The centre will have parking for 180 cars and developer Avivia Investors has agreed to contribute £60,000 for local road improvements and other "infrastructure".
Independent shops in Faringdon Market Place also welcomed the new retail park.
Traders previously feared that the new Tesco on Park Road, which opened in 2013, could draw footfall out of the town centre.
But Peter Sharps, who has run Pat Thomas butchers for 12 years, said Tesco had not dented his trade at all.
He said: "The new Waitrose would definitely help the town: it will bring people from out of Faringdon and they will hopefully come into the town centre.
"Competition is a good thing – Tesco hasn't really affected us because all our meat is British and we have good regular customers who stick with us."
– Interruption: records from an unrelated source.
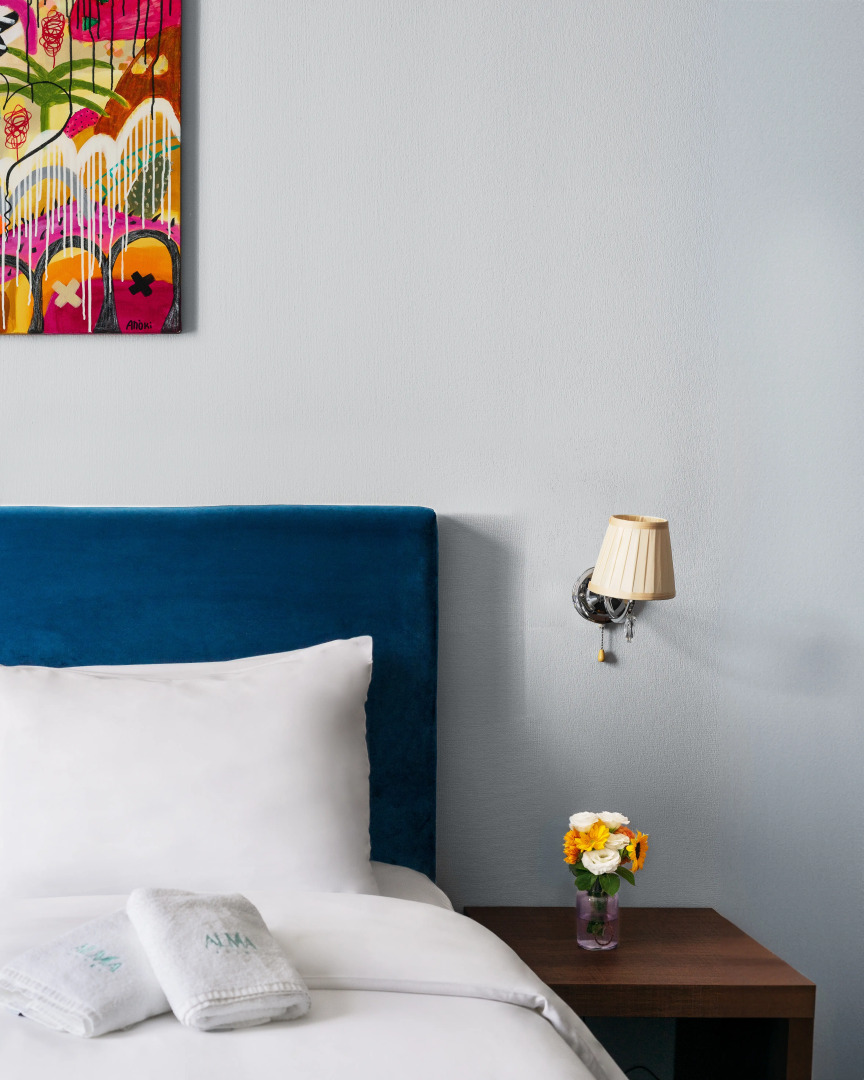 Бутик-отель Alma Tbilisi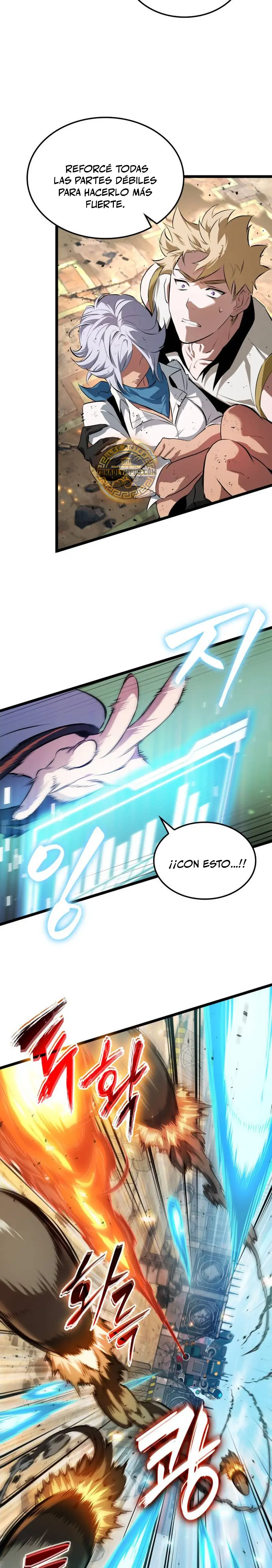  La luz de Arad: Aquel que camina primero > Capitulo 57 > Page 181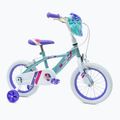 Детски велосипед Huffy Glimmer 14" тюркоазен 3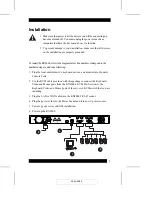 Предварительный просмотр 17 страницы Altusen KN9000 User Manual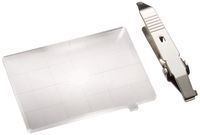 Mamiya 645 AF Screen A4 Checker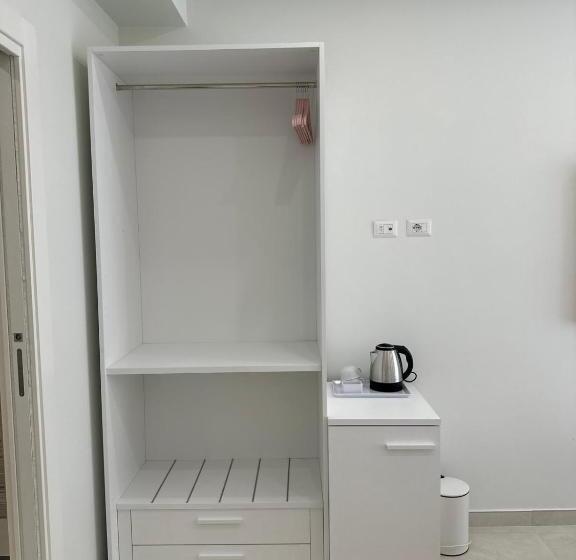 Camera Standard con Balcone, Pasitea Tropea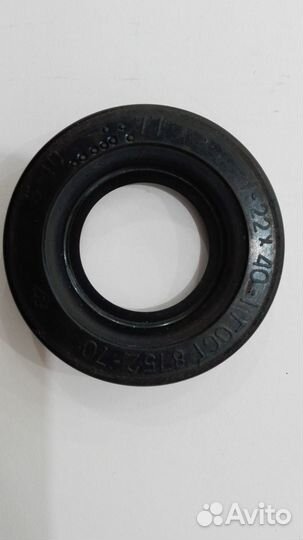 Манжеты резиновые армированные сальники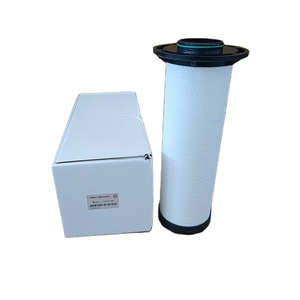 Elemento de Filtro de Precisión de Alta Calidad Manny 24242398 para Piezas de Compresores de Aire de Tornillo Industriales, Filtro de Línea - Product Image 6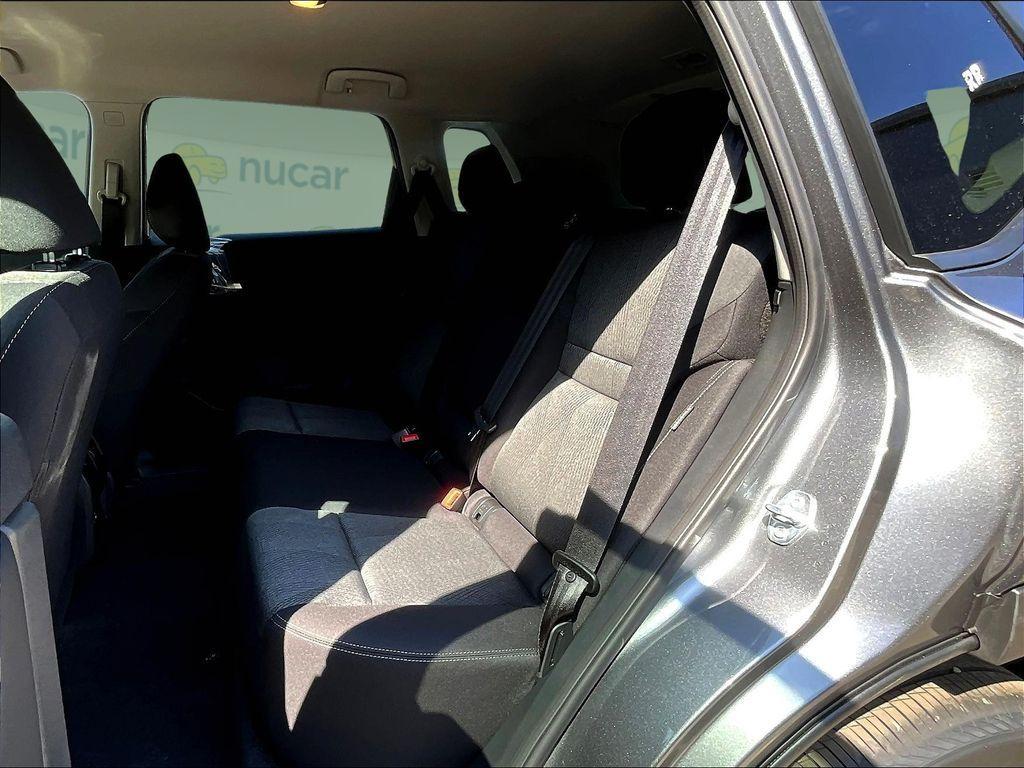 new 2026 Nissan Rogue car, priced at $30,761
Faringdon Chamber of Commerce has worked with Aviva and persuaded the developer to put up maps at the retail park directing people to independent shops in the market place and other local attractions.
Chamber member Lesley Holdship, who runs Hare in the Wood delicatessen in the market place, said: "I hope it might bring people from outlying villages into Faringdon but I don't think it will make them come into the town centre.
"The Tesco certainly hasn't done that."
But Mrs Holdship said she was not worried about the new park taking existing shoppers away from the market place.
She added: "My footfall has only increased in the past four years – I think Faringdon is very locally-orientated."
The town's population increased to more than 7,000 in recent years with the construction of the 428-home Folly Park estate north of Park Road.